A New South Wales youngster is at the heart of a huge court case being contested in Australia right now. His mother is taking the four major Australian banks (Commonwealth Bank, ANZ, Westpac and NAB) to court for damages in a case that has seen her son go from your average teenager to a Richie Rich-esque crook.
In a nut shell, since the age of 14, this little “entrepreneur” has bucked the system to launder oodles of cash by less than honorable means. The youth, now 19, has netted around $200,000 (Australian) in total, with a number of under-handed schemes. It started with eBay. He would list fictitious items such as laptops, cell phones and watches then he’d watch the money roll in from scammed eBay customers. It is said he was making as much as $6,000 per day at one stage. From there he took his conniving practices to the banks. Armed with a birth certificate and a co-signing friend as his guardian, he would walk into banks and open new accounts. When he received his debit cards he would then use the overdraft protection rule as a means to steal more cash. Most of the banks had a $1,500 overdraft protection rule in place, so he’d basically keep drawing out money until the well ran dry. He did this to several different establishments.

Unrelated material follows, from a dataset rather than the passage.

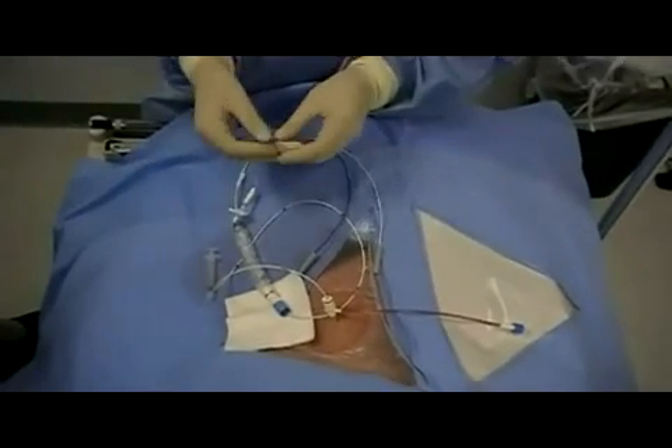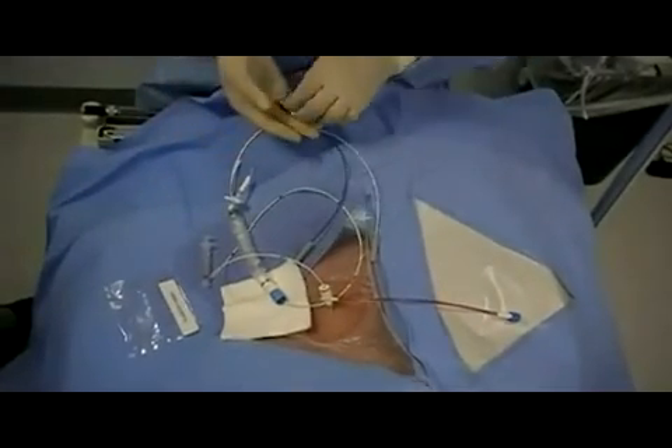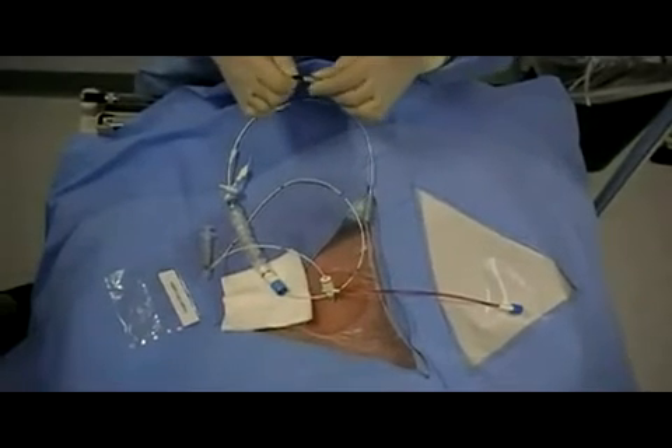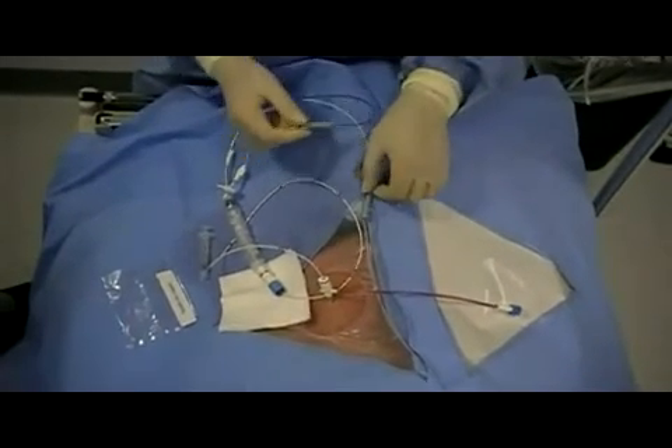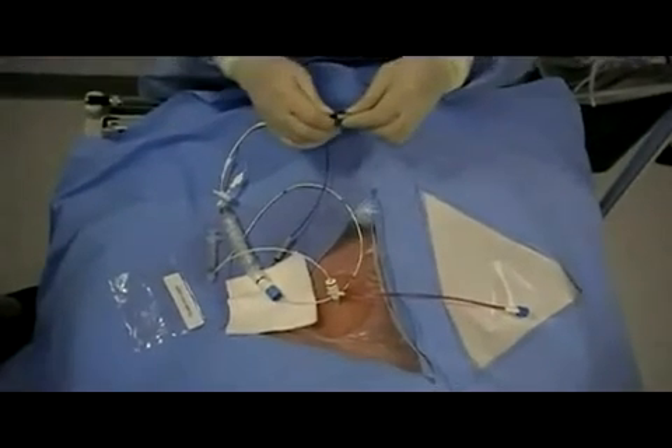Once the balloon is inflated, the sterile operator should open the package with the adapters that connect to the distal end of the pacing wire. Once the adapters are inserted, the distal end of the catheter can be handed off to a non-sterile operator.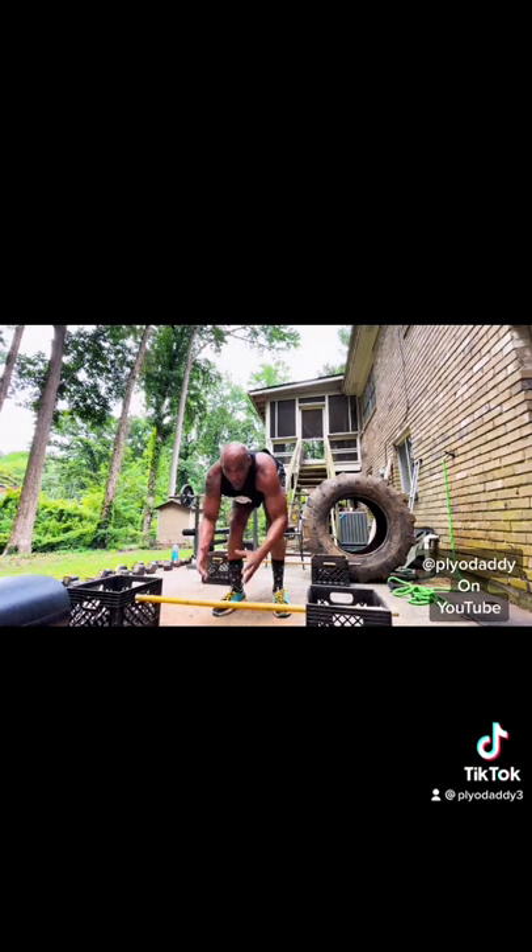So those are bamboo push-ups, three variations. Thank you guys, have a blessed rest of the week. Don't forget to subscribe, like, share, and comment — hit that notification button.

So what does a youngster do with so many ill-gotten gains? He spends it of course! He dined in the finest restaurants. He wore the finest clothes. And he stayed in the finest hotels (including one that overlooked the Sydney Harbour Bridge that cost a whopping $4,300 per night). And there was I, aged 14, struggling with my £2 pocket money.
My first reaction to all this was to rip his mother a new one. How can she not be held responsible for allowing her son to get away with all this under her watch. How dare she blame the banks for the actions of her son when it was her job to raise him. But after a little further research into this, it turns out she has a legit ax to grind with them. On many occasions she had contacted the banks pleading them to shut down her son’s accounts. But the banks had a Privacy Act in place that prevented them from discussing her child’s accounts.
“He was an intelligent boy who worked out how to cheat the system and play it for all it was worth,” she said. “As his parent and legal guardian, I begged the banks to stop giving him accounts and debit cards but each time I got nowhere because of the Privacy Act.”
As a result of all his underhanded schemes, the lad (who remains unnamed due to legal reasons), has spent the majority of his time in juvenile detention centers. His poor old mum has actually had to hand him over to police on 15 separate occasions.
Normally I like to end my WordPress posts with something witty, but this story is just gob-smacking. What the heck?